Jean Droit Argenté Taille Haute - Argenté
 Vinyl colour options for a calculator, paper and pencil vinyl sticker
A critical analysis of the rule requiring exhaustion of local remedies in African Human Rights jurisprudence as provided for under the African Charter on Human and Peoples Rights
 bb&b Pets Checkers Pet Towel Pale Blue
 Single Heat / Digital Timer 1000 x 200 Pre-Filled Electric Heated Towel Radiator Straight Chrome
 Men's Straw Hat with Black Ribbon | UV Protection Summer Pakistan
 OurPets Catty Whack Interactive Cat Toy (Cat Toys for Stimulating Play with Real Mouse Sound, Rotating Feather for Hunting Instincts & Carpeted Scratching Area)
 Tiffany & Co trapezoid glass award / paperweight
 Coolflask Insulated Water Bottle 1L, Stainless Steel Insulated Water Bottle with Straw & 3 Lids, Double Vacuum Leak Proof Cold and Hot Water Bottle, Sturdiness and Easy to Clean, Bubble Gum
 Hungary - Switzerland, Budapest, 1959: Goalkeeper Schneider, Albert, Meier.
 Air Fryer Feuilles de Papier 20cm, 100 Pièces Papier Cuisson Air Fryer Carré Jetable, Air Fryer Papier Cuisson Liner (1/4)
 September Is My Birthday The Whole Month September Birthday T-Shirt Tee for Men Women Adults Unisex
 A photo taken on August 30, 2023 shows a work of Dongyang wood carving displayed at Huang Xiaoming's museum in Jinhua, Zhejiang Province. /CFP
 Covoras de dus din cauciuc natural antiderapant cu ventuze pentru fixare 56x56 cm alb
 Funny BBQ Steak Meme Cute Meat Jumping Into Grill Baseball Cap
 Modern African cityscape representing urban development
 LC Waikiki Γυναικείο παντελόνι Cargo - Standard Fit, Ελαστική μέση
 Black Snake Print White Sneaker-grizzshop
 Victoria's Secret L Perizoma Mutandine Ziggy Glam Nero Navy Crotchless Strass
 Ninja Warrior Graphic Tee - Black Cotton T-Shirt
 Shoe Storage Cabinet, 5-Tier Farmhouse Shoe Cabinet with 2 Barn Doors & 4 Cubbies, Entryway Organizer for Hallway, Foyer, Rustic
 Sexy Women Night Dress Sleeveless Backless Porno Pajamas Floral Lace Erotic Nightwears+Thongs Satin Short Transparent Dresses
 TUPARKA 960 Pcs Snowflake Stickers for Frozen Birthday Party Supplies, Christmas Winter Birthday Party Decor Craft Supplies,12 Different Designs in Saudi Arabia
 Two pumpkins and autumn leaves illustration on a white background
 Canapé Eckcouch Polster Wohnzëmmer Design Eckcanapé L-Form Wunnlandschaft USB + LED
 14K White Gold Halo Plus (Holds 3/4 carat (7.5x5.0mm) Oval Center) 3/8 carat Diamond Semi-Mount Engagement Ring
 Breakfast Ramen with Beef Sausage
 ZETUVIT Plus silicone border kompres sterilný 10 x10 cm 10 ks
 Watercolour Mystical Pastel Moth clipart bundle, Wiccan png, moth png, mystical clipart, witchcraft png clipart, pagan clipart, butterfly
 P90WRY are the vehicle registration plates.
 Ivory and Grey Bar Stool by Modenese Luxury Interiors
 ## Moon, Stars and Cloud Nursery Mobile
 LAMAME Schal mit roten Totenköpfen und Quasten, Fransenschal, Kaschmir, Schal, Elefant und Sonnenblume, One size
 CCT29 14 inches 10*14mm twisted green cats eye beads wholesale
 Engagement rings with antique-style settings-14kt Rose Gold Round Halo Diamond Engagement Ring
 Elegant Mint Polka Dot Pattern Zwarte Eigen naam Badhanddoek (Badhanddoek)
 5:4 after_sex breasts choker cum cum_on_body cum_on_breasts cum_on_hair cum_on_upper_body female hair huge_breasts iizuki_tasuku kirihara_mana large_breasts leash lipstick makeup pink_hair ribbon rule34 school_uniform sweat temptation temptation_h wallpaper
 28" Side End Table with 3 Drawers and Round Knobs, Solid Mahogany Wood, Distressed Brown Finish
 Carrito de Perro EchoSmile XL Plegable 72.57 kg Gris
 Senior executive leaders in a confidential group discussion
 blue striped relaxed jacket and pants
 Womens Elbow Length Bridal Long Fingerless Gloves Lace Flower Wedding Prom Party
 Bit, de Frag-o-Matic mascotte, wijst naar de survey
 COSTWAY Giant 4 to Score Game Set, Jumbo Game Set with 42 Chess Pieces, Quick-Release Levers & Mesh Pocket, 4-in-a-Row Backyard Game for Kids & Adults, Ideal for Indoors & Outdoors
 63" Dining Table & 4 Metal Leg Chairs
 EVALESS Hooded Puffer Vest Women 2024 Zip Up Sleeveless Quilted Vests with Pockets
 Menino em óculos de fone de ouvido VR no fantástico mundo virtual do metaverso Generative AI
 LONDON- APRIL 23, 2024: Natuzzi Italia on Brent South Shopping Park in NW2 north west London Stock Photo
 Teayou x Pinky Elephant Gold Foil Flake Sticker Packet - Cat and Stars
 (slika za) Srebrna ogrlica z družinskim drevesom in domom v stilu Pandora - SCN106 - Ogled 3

----------

=== Problem ===
In the entries above, how many lines contain the word "Lace"? Answer with the number only.

=== Expected answer ===
2